An Intersection of Fashion and Function: Military Style
If one were to have to definitively choose a single design element that has been the most pervasive throughout all of fashion, a safe choice would surely be military style. It is constantly re-evaluated from viewpoints ranging from purely field-function oriented approaches (such as those taken by governments in effectively equipping their ground forces), to visions concerned less with function and more with the aesthetic connotations that functional design and military apparel carry. This continuous re-interpretation has created a powerful omnipresence in fashion, from grunge to Gucci.
Above (Left to Right): Military Shirt by Gucci, An example of a grunge-style military shirt (taken from Wanelo), Another instance of a military-inspired grunge look (taken from Wanelo), Military Coat by Zara.

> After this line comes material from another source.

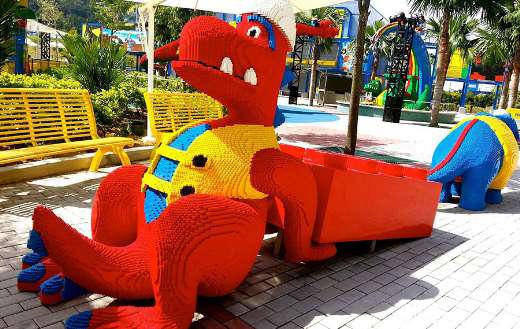 Striking statue of red LEGO dragon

I find this particularly fascinating--that is, how military style can have so many interpretations and redesigns, yet still retain a focus on certain functional qualities (or emulation of said function). For example, the strong, sturdy look of military apparel naturally lends itself to components of high-fashion and couture. Yet this quality of high structural integrity has also been adopted by grunge and skate culture for its damage-resistant fabric, cost-effectiveness (think: military surplus stores), and abundance of pockets--not to mention the great baggy, nonchalant look one can get out of an oversized, unbuttoned canvas shirt.

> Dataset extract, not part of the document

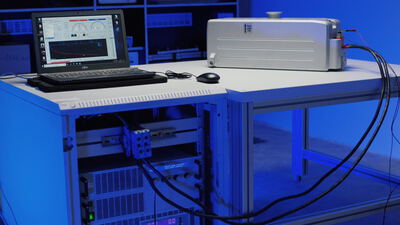 Technischer Versuchsaufbau mit Laptop und Messgeräten auf einem Labortisch bei blauem Licht, Computer, Bildschirm und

Above: Jonathan Lim wearing Kishin Kato's "Masculine Aggression" from the collection "Hypermasculinity". Photograph by Camelia Malkami.

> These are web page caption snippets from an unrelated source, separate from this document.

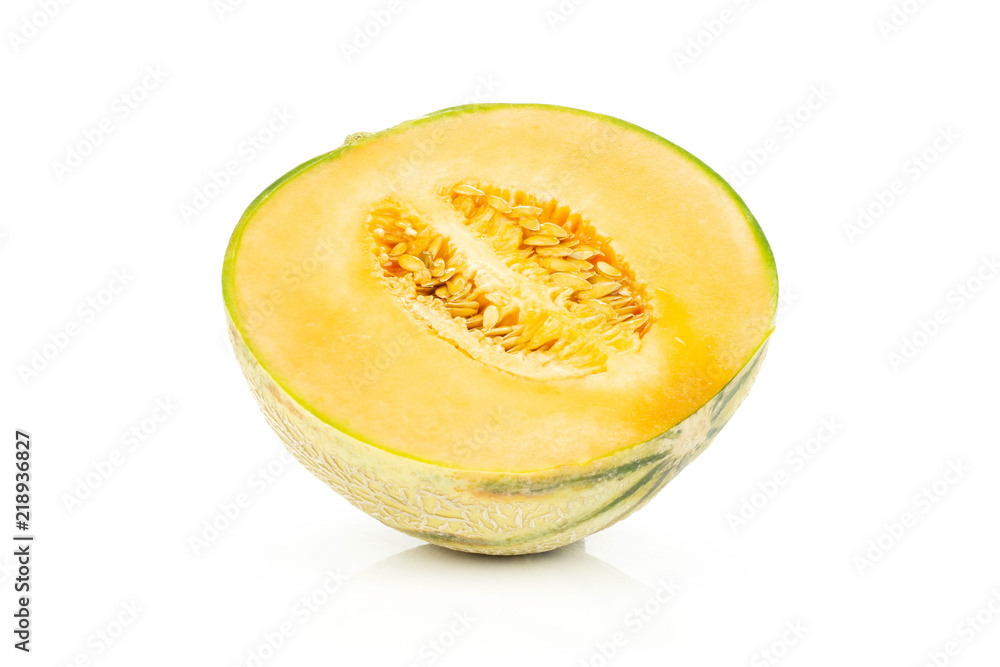 One half of fresh melon cantaloupe variety isolated on white background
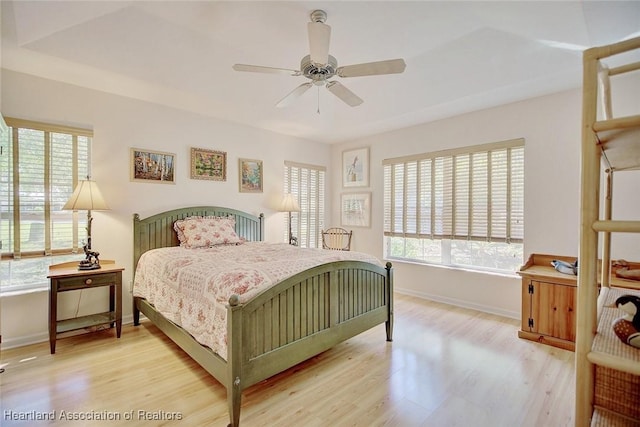 bedroom with light hardwood / wood-style flooring and ceiling fan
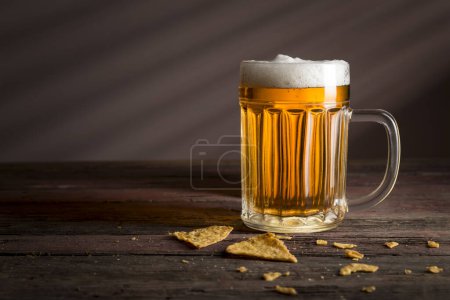 Photo for Mug of cold pale beer placed on a burlap cover with some tortilla chips on a rustic wooden table. Selective focus - Royalty Free Image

This look at the pervasiveness that function has given to military style brings us to the clever and thoughtful designs of Kishin Kato, which were recently featured at MODA’s 2017 Winter Show. In the collection titled “Hypermasculinity,” Kato invokes an intense emphasis on physicality through what could be seen as hyper-functionality. A detail from the collection that highlights such extreme effectiveness is taken from Kato’s own description of the second look called “Masculine Aggression:"
“The jacket is fully compatible with the MOLLE system used to attach police and military equipment to the garment--excessive implementation of the system creates an absurd capacity for tactical use. The zig-zag zipper featured on the front symbolizes boldness and emphasizes the padded panel on the front right of the garment. Attached to the MOLLE webbing are two molotov cocktails made from beer bottles; violence and beer being typical elements of hyper-masculine identity.”
As one can see, functionalism in this interpretation of military style is reflected by an emphasis of the external over internal. The look is heavily concerned with how it is able to affect its surroundings in a lasting and potentially damaging manner. Notably, the collection features several function-oriented design elements that have also become prevalent in streetwear such as paneling and pants cuffed below the knee to allow simultaneous freedom of movement and a clean profile. Such concepts are insightfully explored throughout the rest of the collection, and it is because of this insight that I strongly recommend anyone interested in “Hypermasculinity” keep an eye out for Kato’s work.